Le solaire, un choix gagnant

Interrogé, par ailleurs, sur le retard cumulé par l’Algérie pour engager sa transition énergétique notamment vers l’hydrogène vert, au moment où une véritable course est menée par plusieurs pays arabes, à leur tête le Maroc et l’Arabie Saoudite pour avoir le monopole dans ce domaine, M. Haouche a averti que « l’Algérie doit réagir sans tarder en optant pour des partenaires réactifs, sûrs et expérimentés».

Il explique également que « le solaire n’est qu’une plate-forme de démarrage, alors que la vraie transition énergétique consiste en le passage du pétrole vers l’hydrogène vert », poursuivant que « le but ultime est de maintenir la viabilité de la planète pour les générations futures».

Dans ce contexte, le DG de Terra Sola Algérie, a garanti la capacité de son groupe à rattraper ce retard et même à aller vers l’exportation, grâce au financement de l’investissement d’un projet intégré pour la production de 4000 MWp d’ici 2024 pour un montant de 5 milliards de dollars, comprenant la construction de la plus grande et la seule plateforme de l’industrie solaire en Afrique, dans la région de Ras El Ma, wilaya de Sidi Belabes, la création d’un réseau moderne de transport de l’énergie de 1600 KM et surtout une station dernière génération pour la production de l’hydrogène vert, une énergie qui générera d’importantes entrées en devise.

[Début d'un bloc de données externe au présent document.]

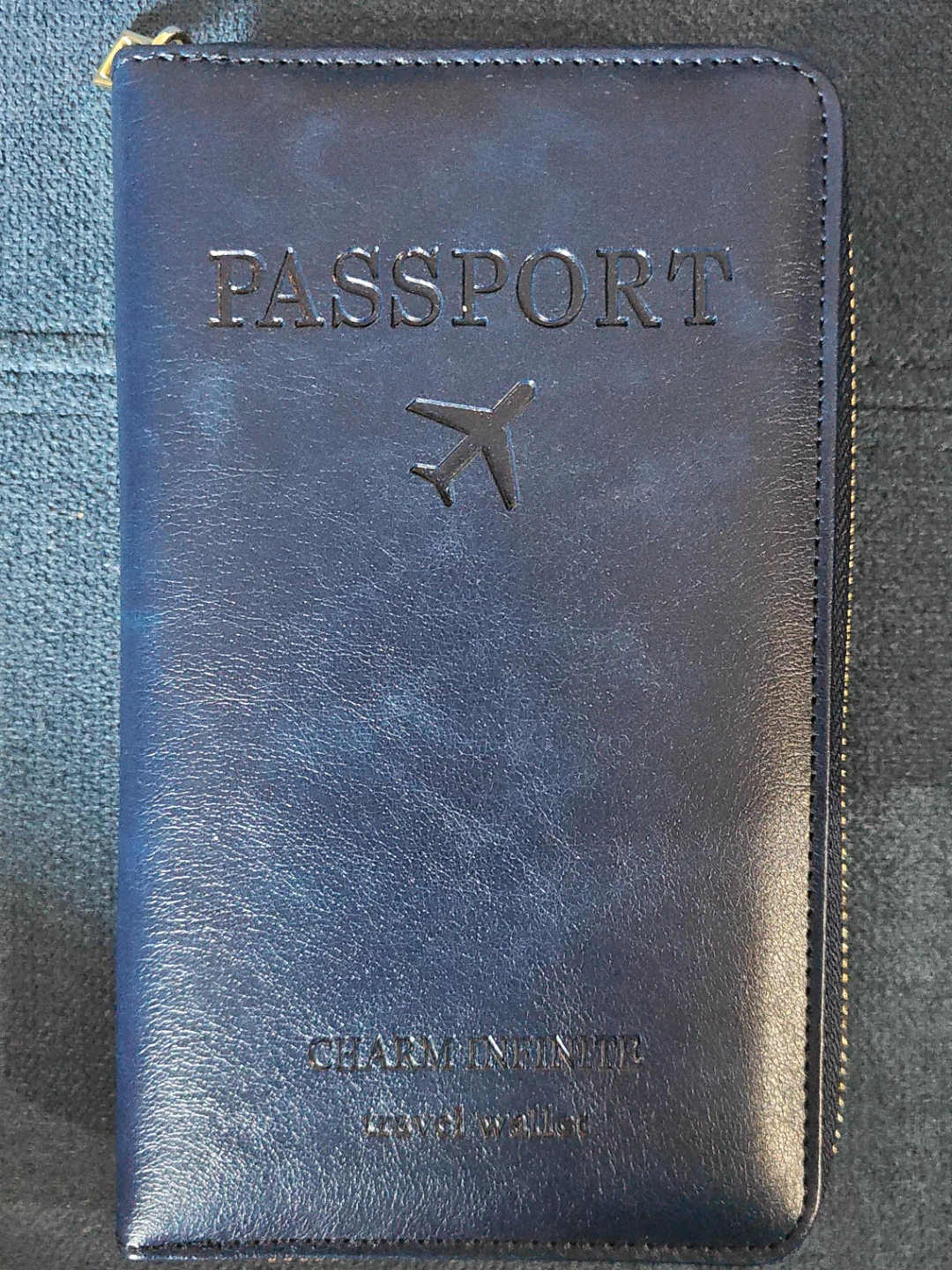 Charm Infinite Navy Blue Travel Wallet Passport Holder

Ce projet est une base solide pour atteindre l’objectif tracé par le gouvernement de produire 15000MWp en 2035.

Insistant sur l’importance d’une telle évolution pour l’économie nationale, il a ajouté que «67000 emplois seront créés grâce à la mise en place à terme d’une industrie de fabrication locale de composants bancables, certifiés et normalisés de l’industrie solaire pour un taux d’intégration nationale de 90% ».

Les composants made in Algeria, explique le DG de Terra Sola, « auront une  garantie de performance solide à long terme, validée et certifiée par assureur mondial reconnu, comme exigé par les banques internationales qui conditionnent toute opération financière par des  certifications à obtenir nécessairement auprès des plus grands instituts mondiaux, notamment  Tüv (Allemagne), MCS (Royaume-Uni) et ISO (Suisse)».

Cette démarche permettra à l’économie algérienne dans le domaine de l’énergie renouvelable actuellement la meilleure alternative au pétrole la possibilité d’exporter les composants bancables de qualité TIER ONE fabriqués localement.

Les opérateurs économiques locaux pourront avoir localement des composants qu’ils importaient auparavant à des couts très attractifs, ce qui leur permettra d’améliorer leur compétitivité sur le marché national et international.

Concernant la certification des composants, une des exigences des banques et assurances internationales, M. Haouche a signalé que les entreprises dans le domaine pourront l’obtenir  à des couts accessibles et en monnaie locale grâce aux contrats de certifications qui ont été achetés par Terra Sola Algérie en exclusivité pour l’Algérie auprès des grands instituts mondiaux.

Le DG de TSA a rappelé que son entreprise a signé un protocole d’entente portant sur le développement de la coopération industrielle dans le domaine des énergies renouvelables avec la Confédération des industriels et des producteurs algériens (CIPA) ainsi que la bourse de l’industrie (BSTPO), assurant aux affiliés de la CIPA et de la BSTPO l’obtention d’une technologie de pointe et l’accès au marché international.

A travers cette démarche,  qui entre dans la politique de mise à niveau de PME et de startups,  Terra Sola Algérie, s’emploiera à œuvrer à l’émergence d’une industrie solaire nationale pérenne conformément à l’esprit du plan d’actions du gouvernement dans son segment relatif à la transition et l’efficacité et l’économie énergétique.

Le projet en EPC+ (ingénierie, approvisionnement et construction + financement) du consortium Terra Sola offre à l’Algérie l’opportunité de développer une économie d’avenir, qui permettra d’élever le pays au rang des grands producteurs mondiaux de l’énergie verte, une option qui consacre un modèle énergétique voué à la consommation interne et à l’exportation, loin des anciennes pratiques et de la bureaucratie des appels d’offres, qui ont mis à mal le trésor public sans pour autant garantir des infrastructures fiables.